Records to use:
-.-.-
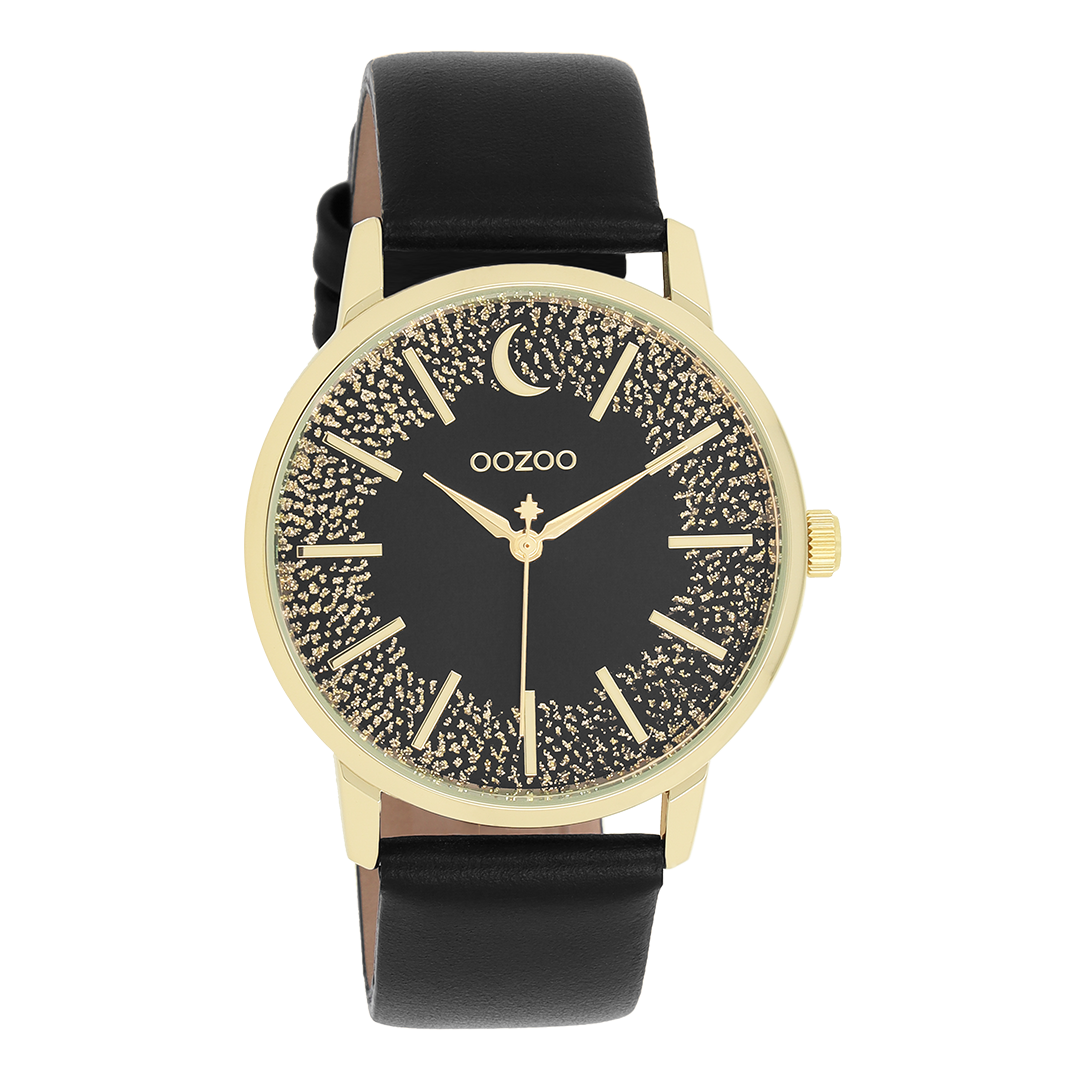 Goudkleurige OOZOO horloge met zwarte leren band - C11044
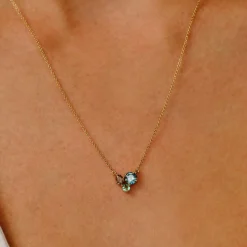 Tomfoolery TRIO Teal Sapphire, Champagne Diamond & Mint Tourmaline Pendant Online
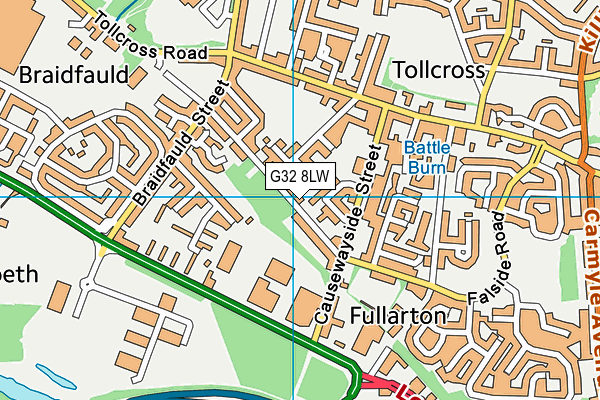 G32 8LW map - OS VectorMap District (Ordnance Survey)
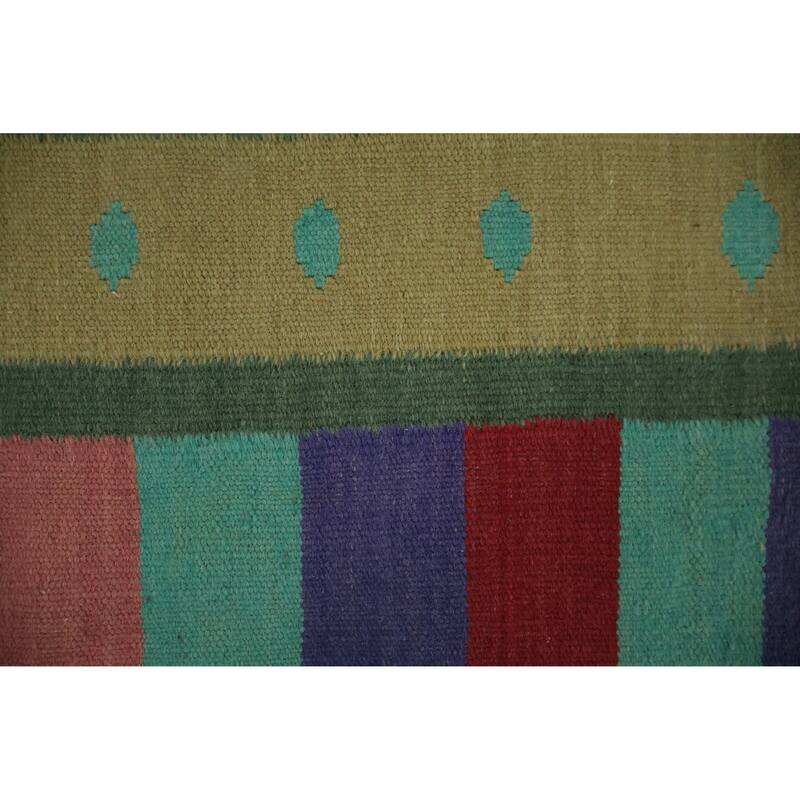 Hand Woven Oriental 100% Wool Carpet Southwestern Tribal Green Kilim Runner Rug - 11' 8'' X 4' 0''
-.-.-
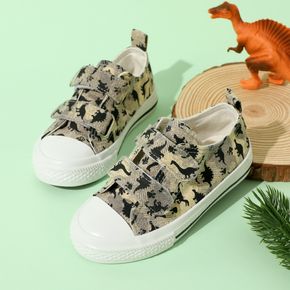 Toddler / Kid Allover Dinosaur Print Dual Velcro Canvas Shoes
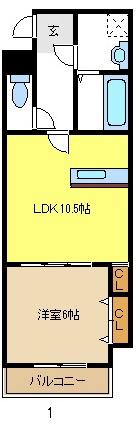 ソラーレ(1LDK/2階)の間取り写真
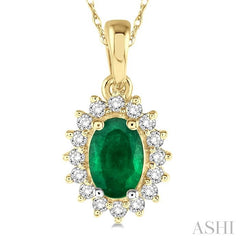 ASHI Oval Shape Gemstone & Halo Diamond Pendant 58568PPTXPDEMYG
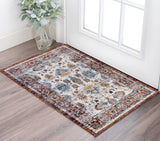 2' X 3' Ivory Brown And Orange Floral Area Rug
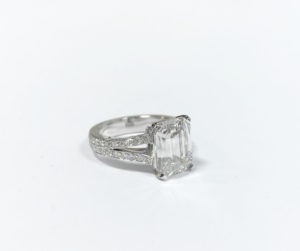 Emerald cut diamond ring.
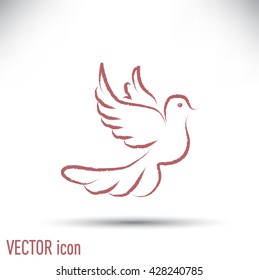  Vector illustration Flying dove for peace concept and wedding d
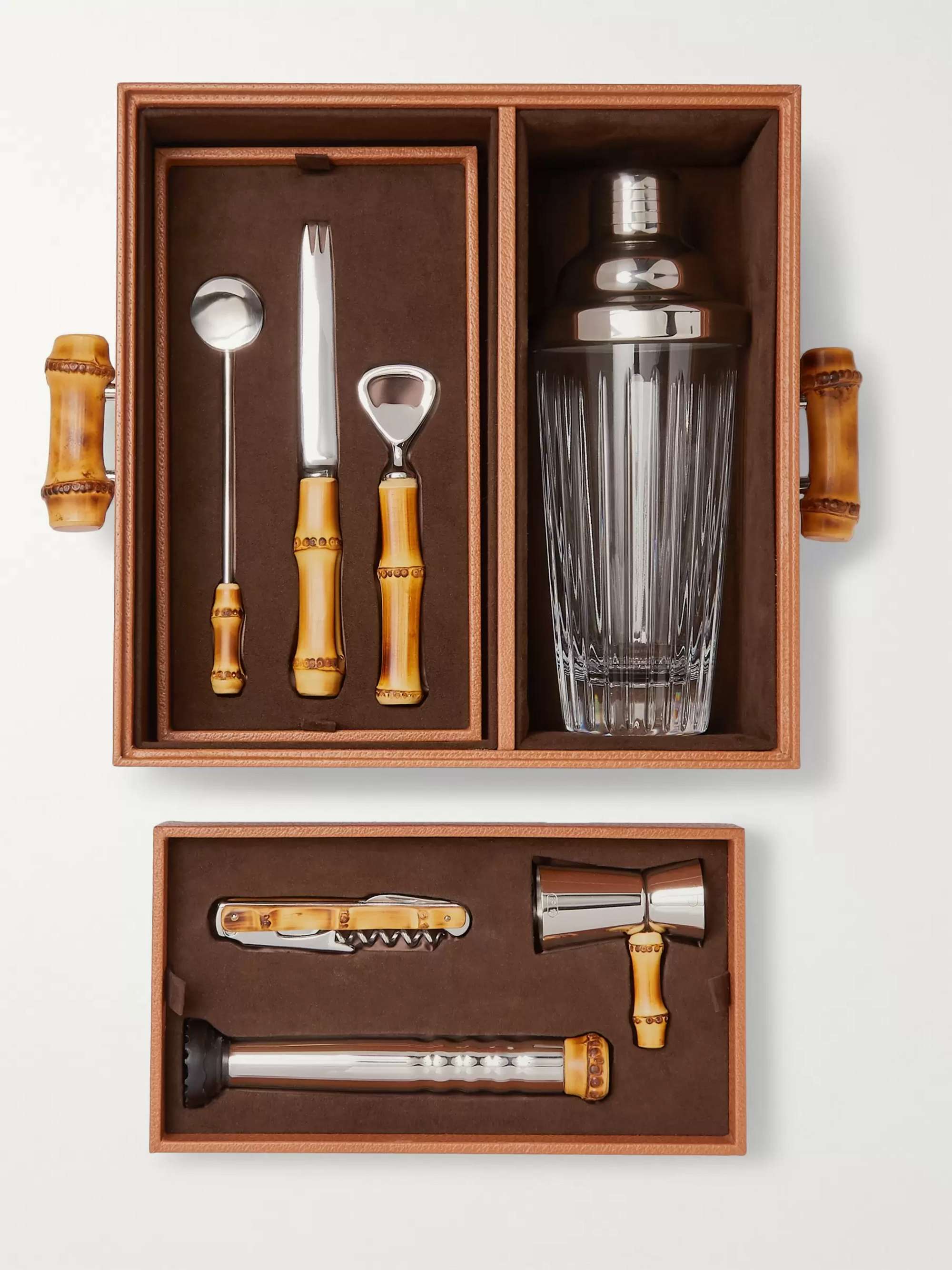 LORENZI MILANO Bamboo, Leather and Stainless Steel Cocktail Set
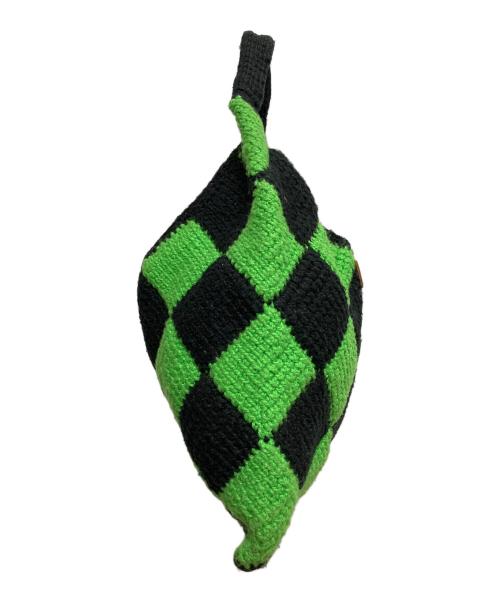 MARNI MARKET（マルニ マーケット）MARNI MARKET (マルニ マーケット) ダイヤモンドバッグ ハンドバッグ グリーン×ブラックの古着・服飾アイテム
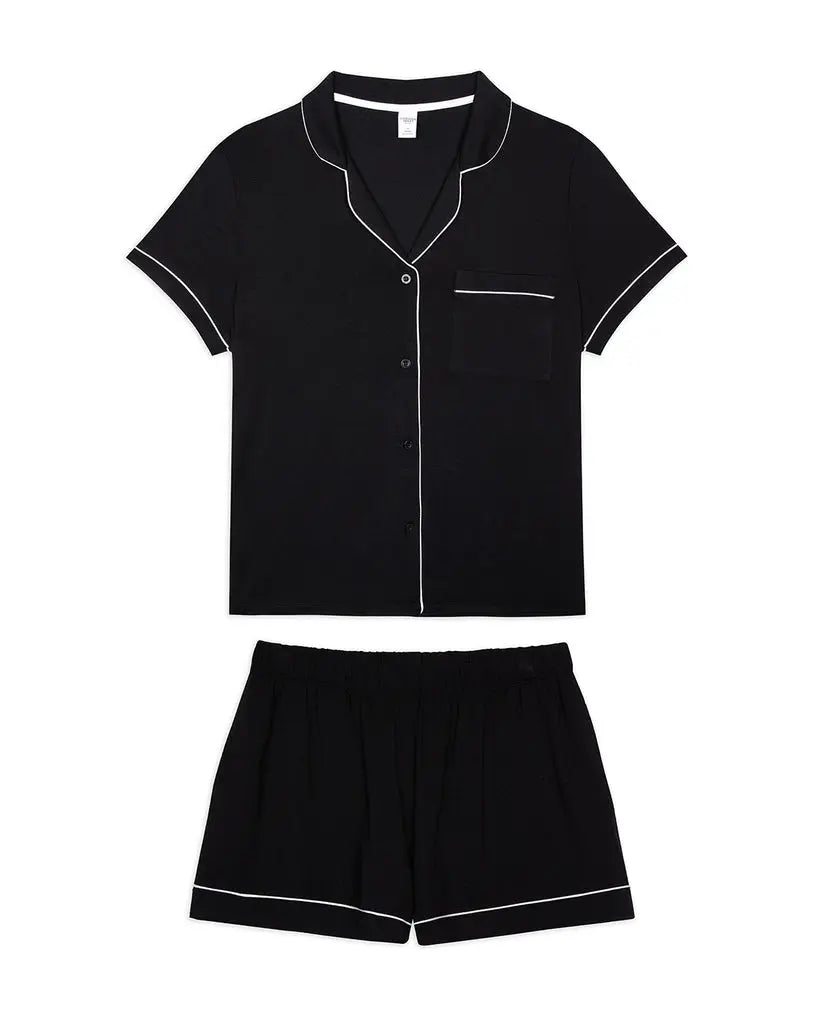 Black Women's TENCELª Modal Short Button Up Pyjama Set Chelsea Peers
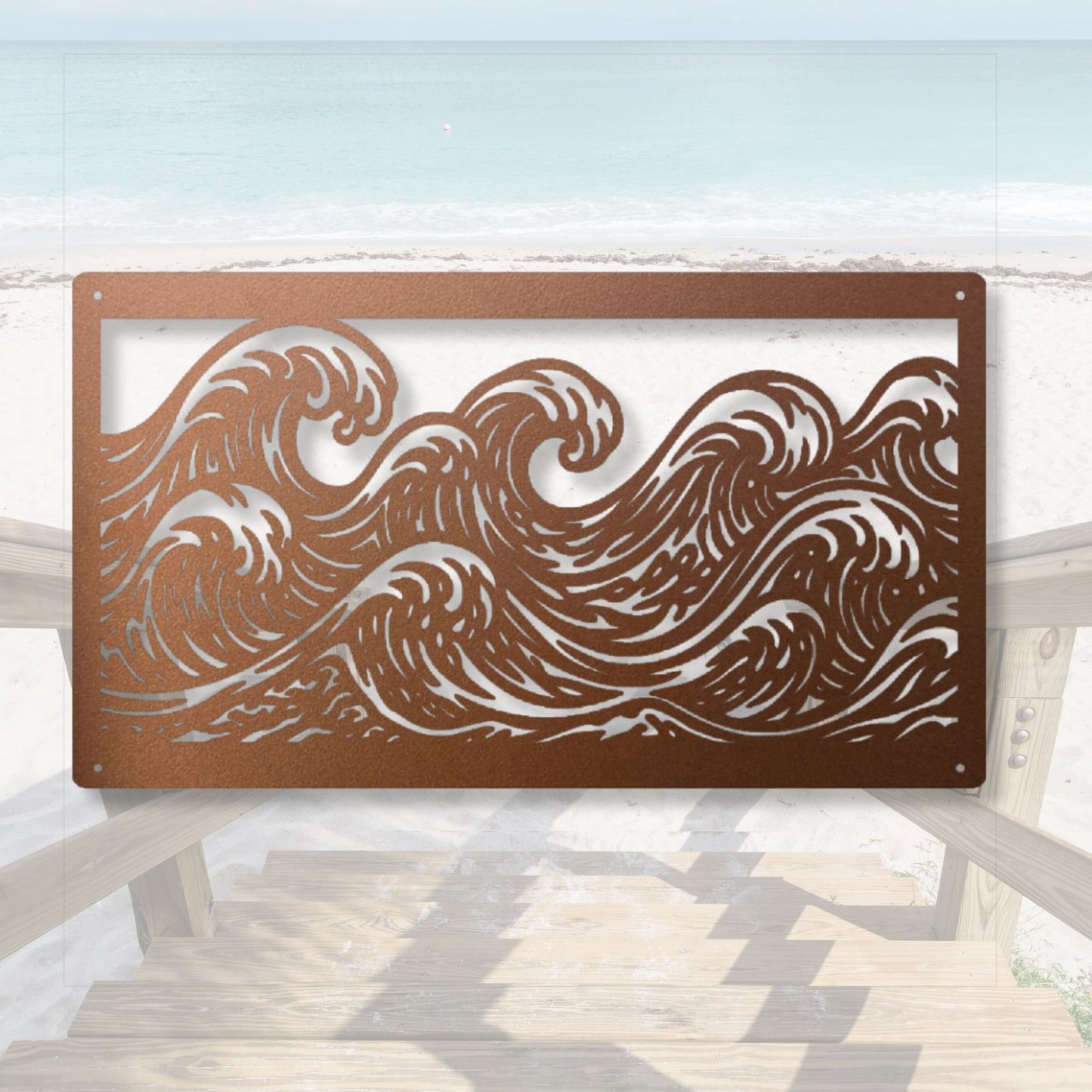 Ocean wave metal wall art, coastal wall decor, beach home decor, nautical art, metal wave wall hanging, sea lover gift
-.-.-
What you need to do:
Work from the entries above. Set down exactly and only the lines from the line with "Tomfoolery TRIO Teal" to the line with "Hand Woven Oriental", both included, and leave the pictures out.

Result of this task:
 Tomfoolery TRIO Teal Sapphire, Champagne Diamond & Mint Tourmaline Pendant Online
 G32 8LW map - OS VectorMap District (Ordnance Survey)
 Hand Woven Oriental 100% Wool Carpet Southwestern Tribal Green Kilim Runner Rug - 11' 8'' X 4' 0''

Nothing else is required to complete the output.